_TASK GOAL_
I would like the line with "Grey Fabric Pillow" and every line after it, down to the end of the entries below, output exactly and without pictures.

_MATERIAL SUPPLIED_
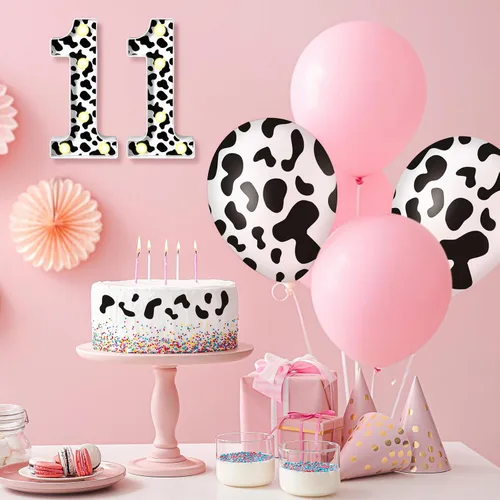 Miniatura 5 de VIHOSE Números con estampado de vaca clara, centros de mesa de cumpleaños, decoración de granja, letrero luminoso con números para fiesta temática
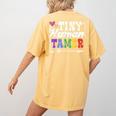4 Teachers Or Parents Tiny Human Tamer Tee T-Shirt Women's Comfort Colors T-Shirt Back Print Mustard 4 Teachers Or Parents Tiny Human Tamer Tee T-Shirt Women's Comfort Colors T-Shirt Back Print Mustard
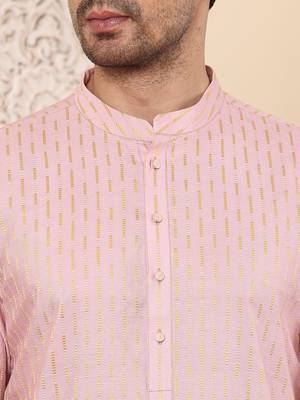 pink viscose embroidered kurta pajama 5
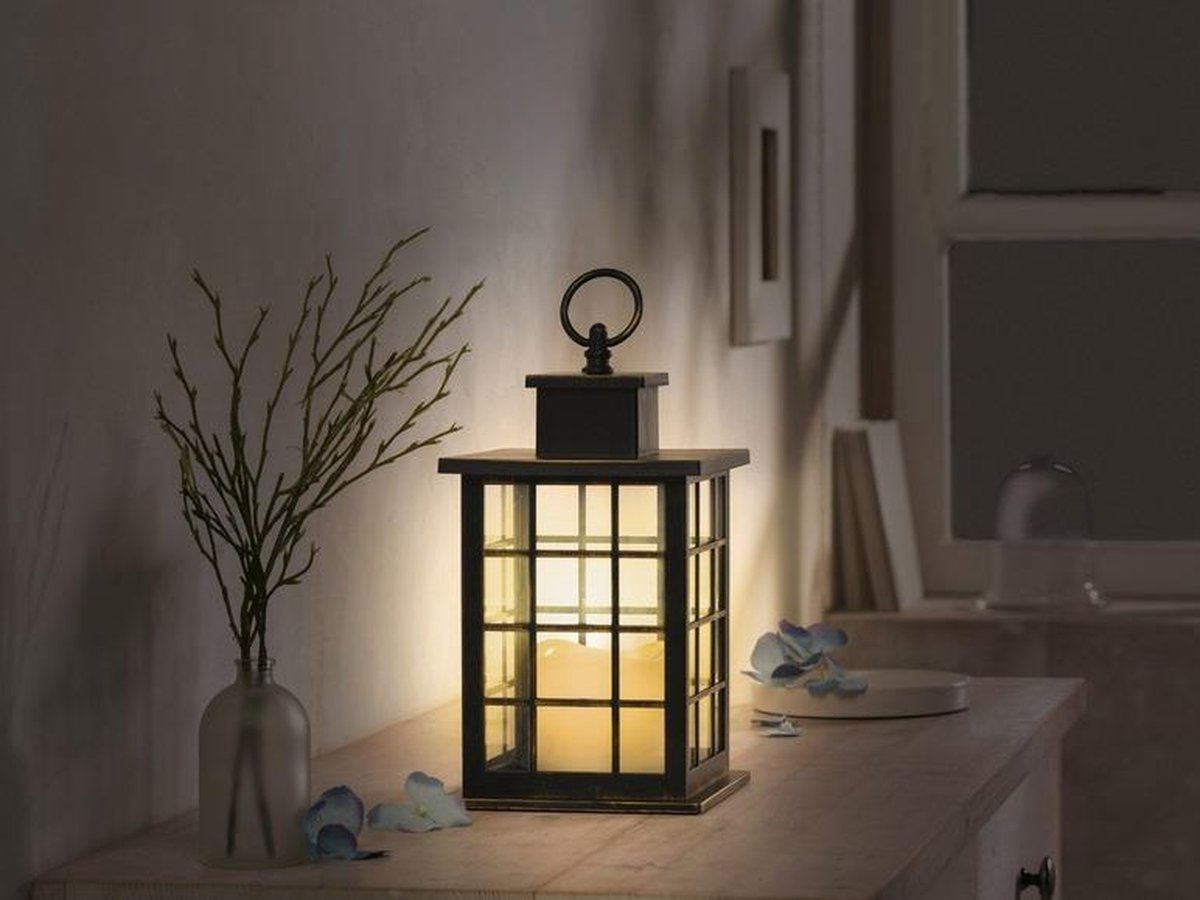 Decoratieve LED-lantaarn - Voor Binnen- en Buiten - 14x14x25 cm -  Spatwaterdicht... | bol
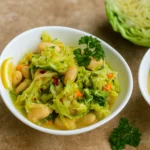Cabbage Soup with Lemon-Dill and White Beans in bowl
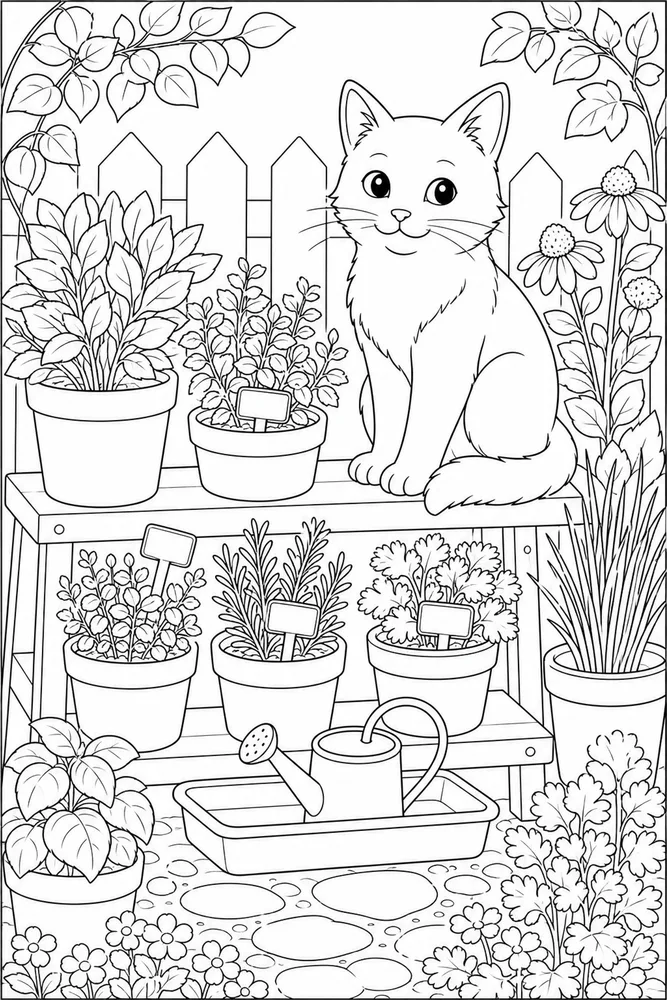 Cat with herb pots and leafy plants coloring page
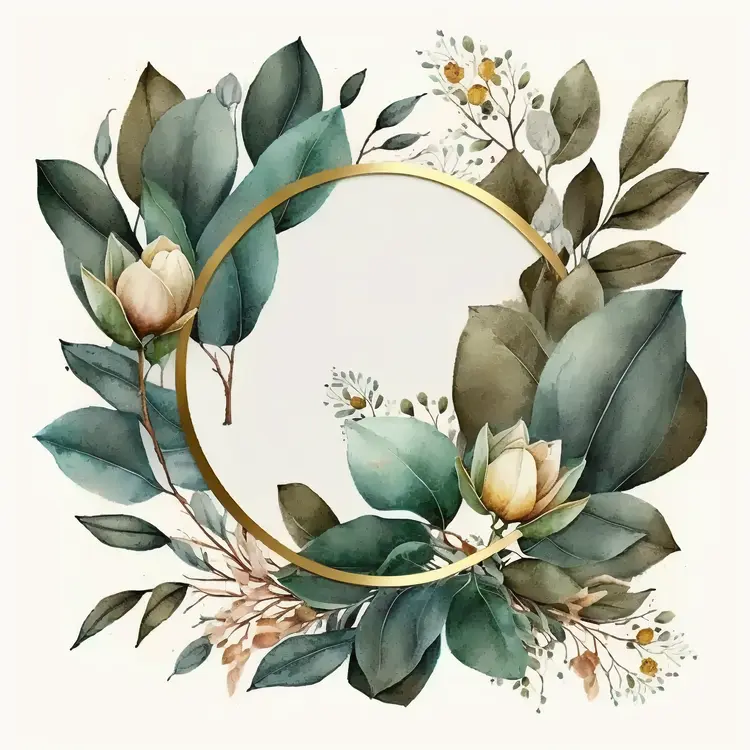 Elegant Floral Wreath with Leaves and Flowers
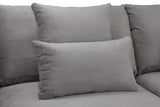 Grey Fabric Pillow Back Corner Sofa Left Hand Facing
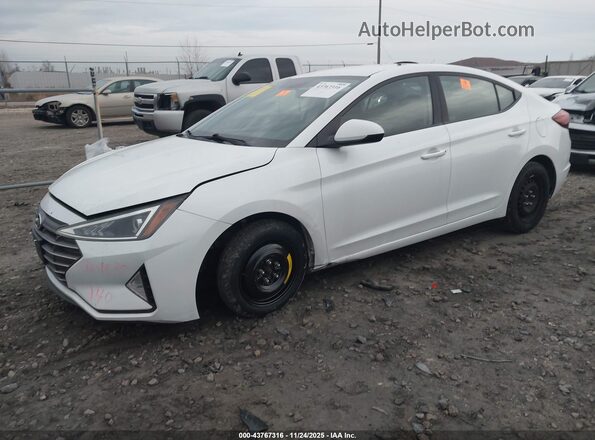 5NPD74LF2KH480858 2019 HYUNDAI ELANTRA White Առջևի ձախ երեք քառորդ տեսարան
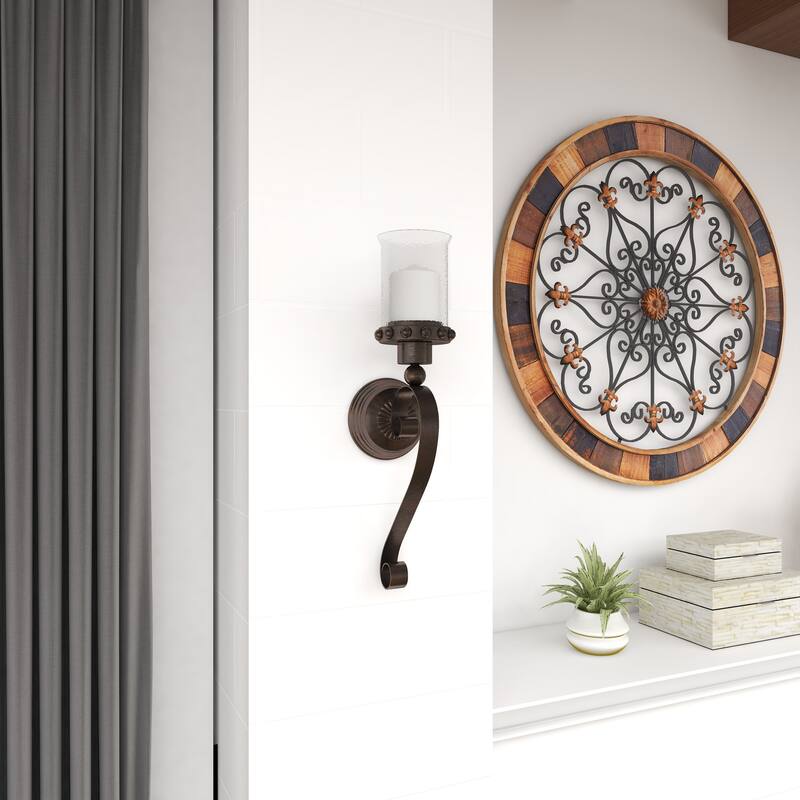 Brown Metal Studded Pillar Scroll Wall Sconce - 6 x 5 x 20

_THE COMPLETED TASK_
 Grey Fabric Pillow Back Corner Sofa Left Hand Facing
 5NPD74LF2KH480858 2019 HYUNDAI ELANTRA White Առջևի ձախ երեք քառորդ տեսարան
 Brown Metal Studded Pillar Scroll Wall Sconce - 6 x 5 x 20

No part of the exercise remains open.